As Junn Rao said, it is pretty much possible multiple publishers publishes
to a topic and different group of consumers can consume a message and apply
group specific logic example raw data processing, aggregation etc., Each
distinguished group will receive a copy.
But the offset cannot be used UUID as the counter may reset incase you
restart Kafka for some reasons. Not sure, can someone throw some light?
Regards,
Nageswara Rao
On Thu, Jun 5, 2014 at 8:18 PM, Jun Rao jun...@gmail.com wrote:
It sounds like that you want to write to a data store and a data pipe
atomically. Since both the data store and the data pipe that you want to
use are highly available, the only case that you want to protect is the
client failing btw the two writes. One way to do that is to let the client
publish to Kafka first with the strongest ack. Then, run a few consumers to
read data from Kafka and then write the data to the data store. Any one of
those consumers can die and the work will be automatically picked up by the
remaining ones. You can use partition id and the offset of each message as
its UUID if needed.
Thanks,
Jun
On Wed, Jun 4, 2014 at 10:56 AM, Jonathan Hodges hodg...@gmail.com
wrote:
Sorry didn't realize the mailing list wasn't copied...
-- Forwarded message --
From: Jonathan Hodges hodg...@gmail.com
Date: Wed, Jun 4, 2014 at 10:56 AM
Subject: Re: Hadoop Summit Meetups
To: Neha Narkhede neha.narkh...@gmail.com
We have a number of customer facing online learning applications. These
applications are using heterogeneous technologies with different data
models in underlying data stores such as RDBMS, Cassandra, MongoDB, etc.

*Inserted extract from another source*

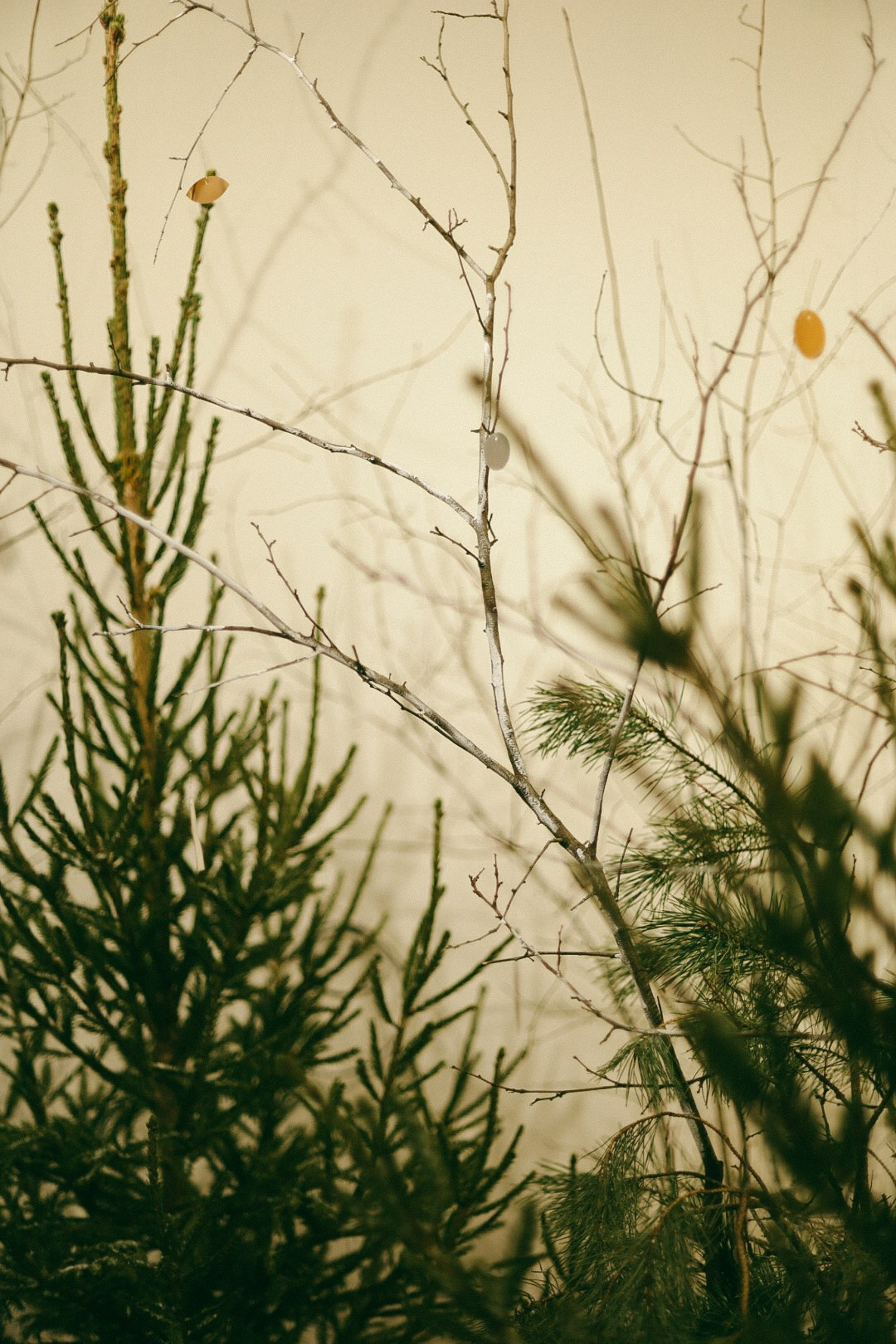 22. Фотограф Нижний Новгород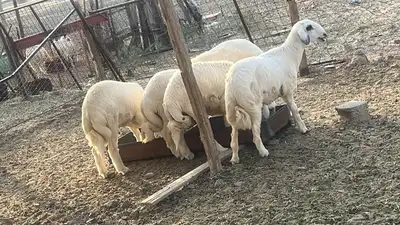 طليان حري مع الذبح والتوصيل 0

We would like to run offline analysis on the data contained in these
learning applications with tools like Hadoop and Spark.
One thought is to use Kafka as a way for these learning applications to
emit data in near real-time for analytics. We developed a common model
represented as Avro records in HDFS that spans these learning
applications
so that we can accept the same structured message from them. This allows
for comparing apples to apples across these apps as opposed to messy
transformations.
So this all sounds good until you dig into the details. One pattern is
for
these applications to update state locally in their data stores first and
then publish to Kafka. The problem with this is these two operations
aren't atomic so the local persist can succeed and the publish to Kafka
fail leaving the application and HDFS out of sync. You can try to add
some
retry logic to the clients, but this quickly becomes very complicated and
still doesn't solve the underlying problem.
Another pattern is to publish to Kafka first with -1 and wait for the ack
from leader and replicas before persisting locally. This is probably
better than the other pattern but does add some complexity to the client.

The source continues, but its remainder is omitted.